Effect of Hepatic Disease on Drug Metabolism

Severe hepatic disease alters the metabolism of many drugs. Mild to moderate hepatic disease causes an unpredictable effect on drug clearance. Hepatic cytochrome

P450 enzyme activities and gene expression can be profoundly altered in disease states. In general, the levels of affected cytochrome P450 enzymes are depressed by diseases causing potential and documented impairment of drug clearance causing drug toxicity (73). In one study, it was reported that hepatocellular carcinoma decreased expression of CYP2E1 (74). Trotter et al. reported that total mean tacrolimus dose in year one after transplant was lower by 39% in patients with hepatitis C compared with that in patients with no hepatitis C infection. The most likely explanation for these findings is decreased hepatic clearance of tacrolimus caused by mild hepatic injury from recurrent hepatitis C virus (75). Zimmermann et al. reported that oral dose clearance of sirolimus (rapamycin) was significantly decreased in subjects with mild to moderate hepatic impairment compared with that in controls, and authors stressed the need for careful monitoring of trough whole blood sirolimus concentrations in renal transplant recipients exhibiting mild to moderate hepatic impairment (76).
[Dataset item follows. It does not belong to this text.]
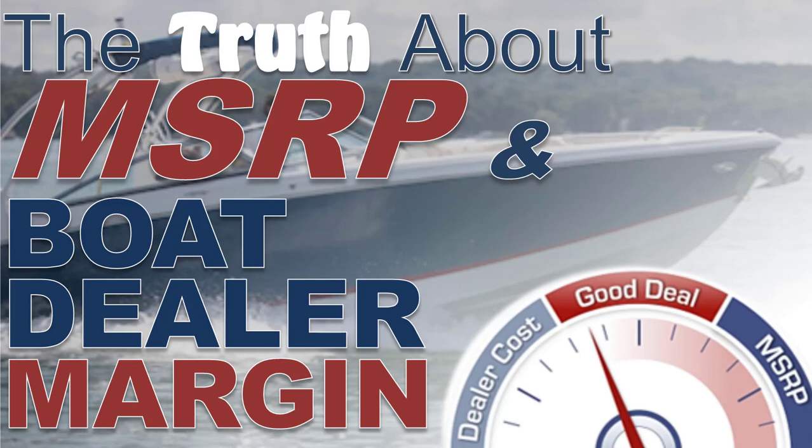Welcome to the Boat Buyers Secret Weapon. I'm your host Captain Matt, and today we're talking about the truth about MSRP and boat dealer margins.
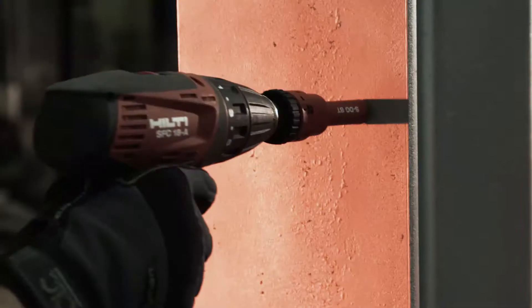With Hilti's innovative solutions, we provide a new way of working that is fast, efficient, and reliable.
The liver is responsible for producing albumin and other proteins, and hepatic impairment diminishes this process by decreasing concentrations of serum albumin and other proteins. Many drugs are bound to serum protein, and elevated concentration of strongly protein-bound drugs such as phenytoin and valproic acid in patients with hepatic impairment is well documented in the literature. Because free fraction of a drug is responsible for pharmacological action as well as toxicity monitoring, free drug concentrations and dose adjustment based on free drug levels is required in patients with liver disease. This issue is discussed in detail in Chapter 2.